**Goal of the exercise**
Copy out each line of the material below with no changes.

═══ The data

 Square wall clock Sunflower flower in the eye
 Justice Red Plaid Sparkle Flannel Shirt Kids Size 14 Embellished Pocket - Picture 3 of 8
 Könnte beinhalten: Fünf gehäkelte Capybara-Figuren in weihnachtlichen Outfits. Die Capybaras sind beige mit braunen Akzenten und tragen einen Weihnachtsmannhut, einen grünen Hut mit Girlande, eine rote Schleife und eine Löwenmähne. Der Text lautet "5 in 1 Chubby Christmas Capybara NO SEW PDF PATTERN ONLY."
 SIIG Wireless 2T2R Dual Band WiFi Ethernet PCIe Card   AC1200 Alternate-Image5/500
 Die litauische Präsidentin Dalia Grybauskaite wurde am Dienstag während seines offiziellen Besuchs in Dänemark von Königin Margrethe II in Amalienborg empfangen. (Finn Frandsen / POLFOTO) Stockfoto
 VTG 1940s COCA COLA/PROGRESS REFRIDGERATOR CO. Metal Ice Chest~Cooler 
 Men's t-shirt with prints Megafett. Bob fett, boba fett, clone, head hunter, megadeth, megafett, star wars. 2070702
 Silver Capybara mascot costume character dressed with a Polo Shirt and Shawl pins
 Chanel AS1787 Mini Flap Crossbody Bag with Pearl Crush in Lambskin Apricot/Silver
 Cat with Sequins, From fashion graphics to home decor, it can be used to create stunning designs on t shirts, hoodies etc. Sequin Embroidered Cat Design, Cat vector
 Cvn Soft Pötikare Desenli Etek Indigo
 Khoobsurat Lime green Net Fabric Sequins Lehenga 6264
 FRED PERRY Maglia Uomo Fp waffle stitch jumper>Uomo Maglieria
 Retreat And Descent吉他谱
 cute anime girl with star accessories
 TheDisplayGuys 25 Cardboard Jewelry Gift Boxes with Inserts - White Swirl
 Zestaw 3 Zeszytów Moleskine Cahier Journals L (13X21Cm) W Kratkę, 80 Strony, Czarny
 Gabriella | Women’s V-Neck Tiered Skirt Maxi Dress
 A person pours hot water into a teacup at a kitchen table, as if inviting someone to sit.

══════

**Response to the task**
 Square wall clock Sunflower flower in the eye
 Justice Red Plaid Sparkle Flannel Shirt Kids Size 14 Embellished Pocket - Picture 3 of 8
 Könnte beinhalten: Fünf gehäkelte Capybara-Figuren in weihnachtlichen Outfits. Die Capybaras sind beige mit braunen Akzenten und tragen einen Weihnachtsmannhut, einen grünen Hut mit Girlande, eine rote Schleife und eine Löwenmähne. Der Text lautet "5 in 1 Chubby Christmas Capybara NO SEW PDF PATTERN ONLY."
 SIIG Wireless 2T2R Dual Band WiFi Ethernet PCIe Card   AC1200 Alternate-Image5/500
 Die litauische Präsidentin Dalia Grybauskaite wurde am Dienstag während seines offiziellen Besuchs in Dänemark von Königin Margrethe II in Amalienborg empfangen. (Finn Frandsen / POLFOTO) Stockfoto
 VTG 1940s COCA COLA/PROGRESS REFRIDGERATOR CO. Metal Ice Chest~Cooler 
 Men's t-shirt with prints Megafett. Bob fett, boba fett, clone, head hunter, megadeth, megafett, star wars. 2070702
 Silver Capybara mascot costume character dressed with a Polo Shirt and Shawl pins
 Chanel AS1787 Mini Flap Crossbody Bag with Pearl Crush in Lambskin Apricot/Silver
 Cat with Sequins, From fashion graphics to home decor, it can be used to create stunning designs on t shirts, hoodies etc. Sequin Embroidered Cat Design, Cat vector
 Cvn Soft Pötikare Desenli Etek Indigo
 Khoobsurat Lime green Net Fabric Sequins Lehenga 6264
 FRED PERRY Maglia Uomo Fp waffle stitch jumper>Uomo Maglieria
 Retreat And Descent吉他谱
 cute anime girl with star accessories
 TheDisplayGuys 25 Cardboard Jewelry Gift Boxes with Inserts - White Swirl
 Zestaw 3 Zeszytów Moleskine Cahier Journals L (13X21Cm) W Kratkę, 80 Strony, Czarny
 Gabriella | Women’s V-Neck Tiered Skirt Maxi Dress
 A person pours hot water into a teacup at a kitchen table, as if inviting someone to sit.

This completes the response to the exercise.